Problem details –
Your copy should hold only the lines from the one holding "Horseware Ireland Rambo" through the last line of the records below, both included, each exact and with no pictures.

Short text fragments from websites
►
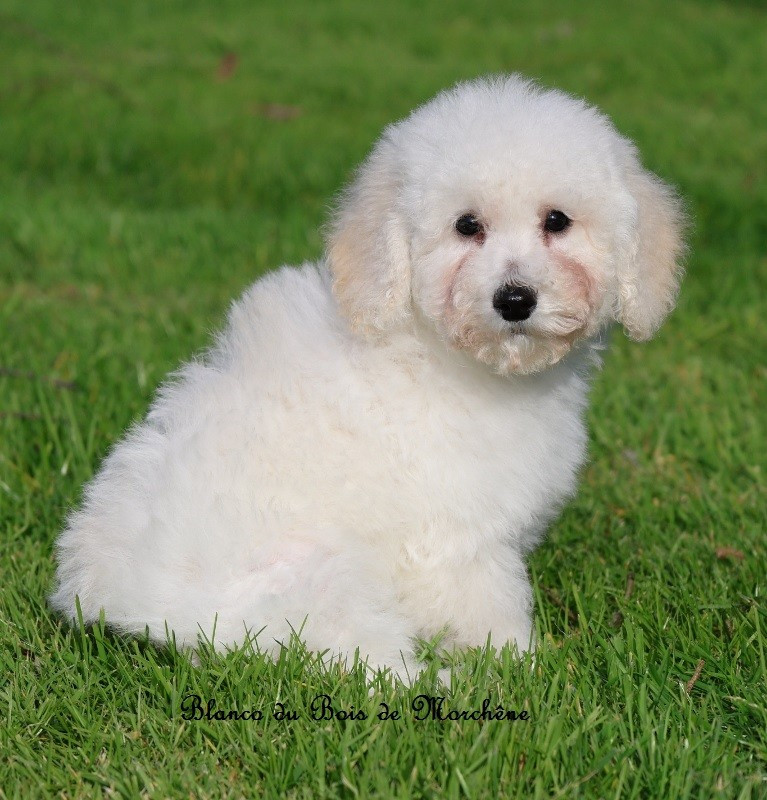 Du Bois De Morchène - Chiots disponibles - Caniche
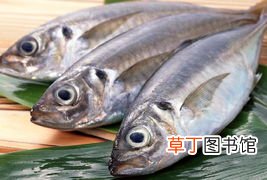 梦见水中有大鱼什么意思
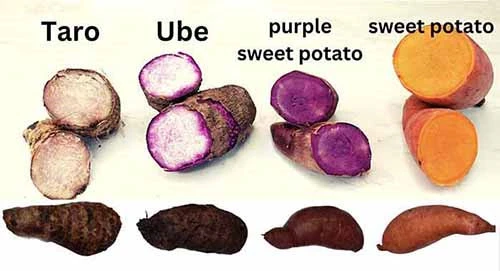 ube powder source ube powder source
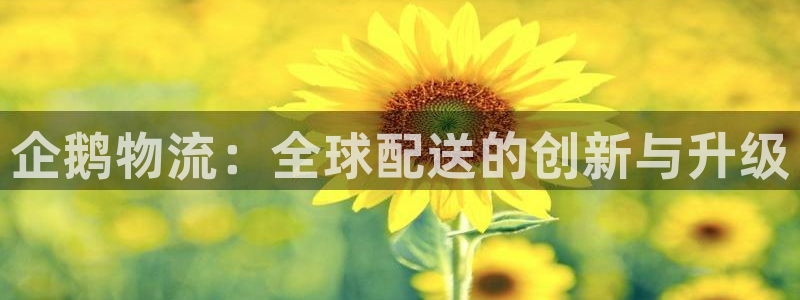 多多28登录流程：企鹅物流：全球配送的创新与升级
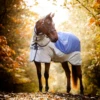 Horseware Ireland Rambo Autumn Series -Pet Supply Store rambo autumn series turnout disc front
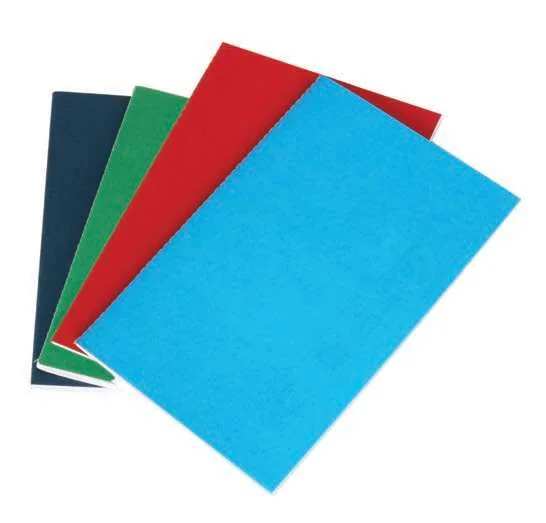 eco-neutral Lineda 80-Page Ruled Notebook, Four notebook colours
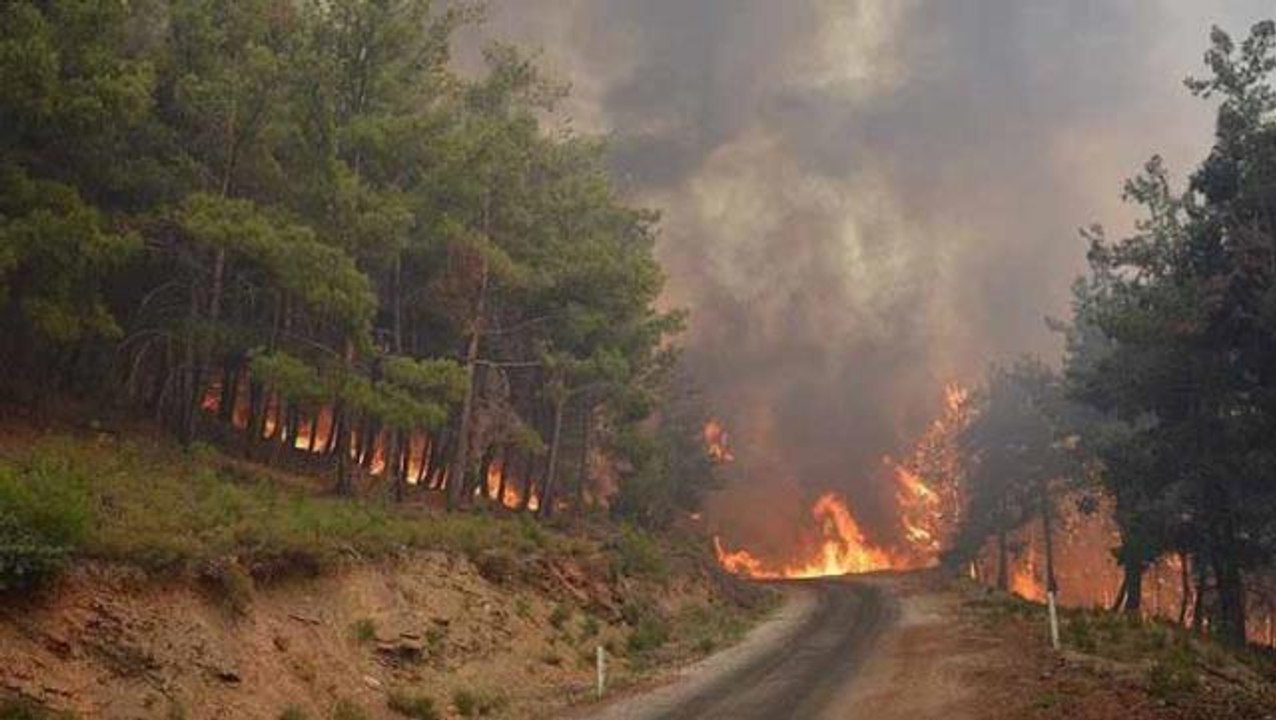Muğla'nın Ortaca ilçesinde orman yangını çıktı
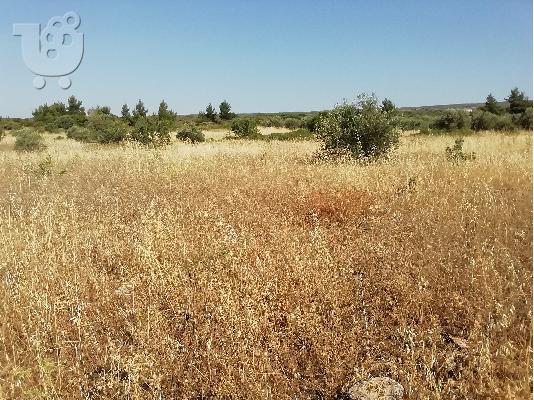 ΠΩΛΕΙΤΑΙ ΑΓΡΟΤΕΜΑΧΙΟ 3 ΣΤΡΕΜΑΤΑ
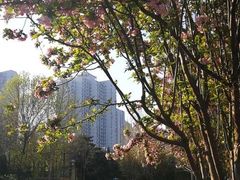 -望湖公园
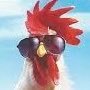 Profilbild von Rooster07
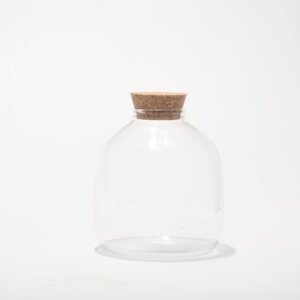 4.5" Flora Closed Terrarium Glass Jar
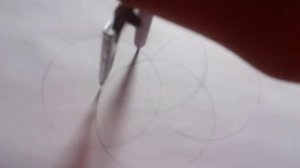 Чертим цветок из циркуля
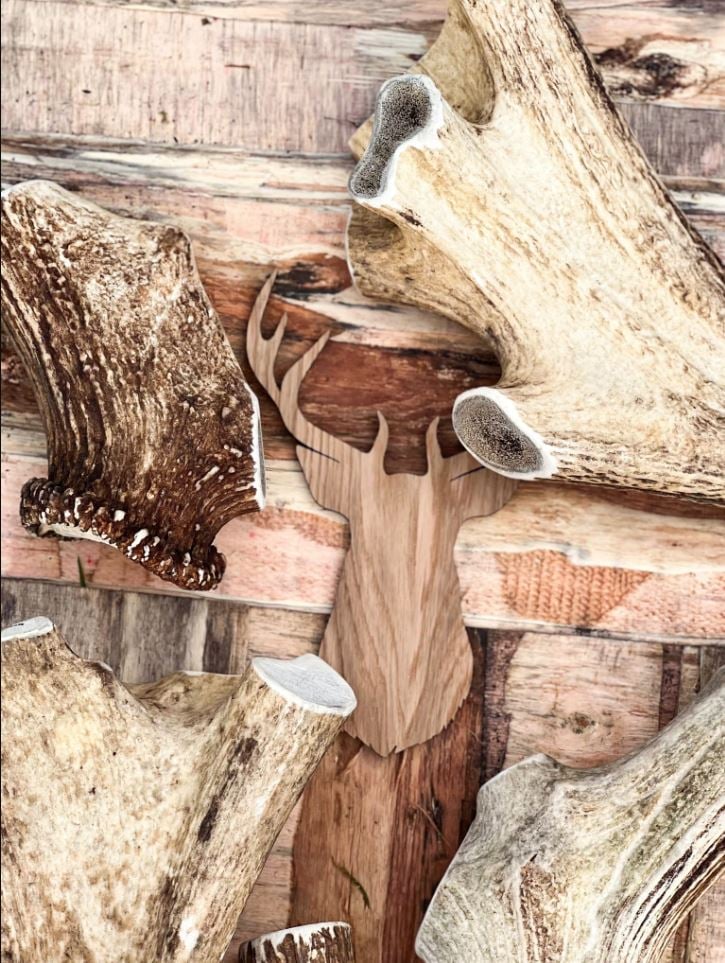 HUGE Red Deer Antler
◄
Your solution –
 Horseware Ireland Rambo Autumn Series -Pet Supply Store rambo autumn series turnout disc front
 eco-neutral Lineda 80-Page Ruled Notebook, Four notebook colours
Muğla'nın Ortaca ilçesinde orman yangını çıktı
 ΠΩΛΕΙΤΑΙ ΑΓΡΟΤΕΜΑΧΙΟ 3 ΣΤΡΕΜΑΤΑ
 -望湖公园
 Profilbild von Rooster07
 4.5" Flora Closed Terrarium Glass Jar
 Чертим цветок из циркуля
 HUGE Red Deer Antler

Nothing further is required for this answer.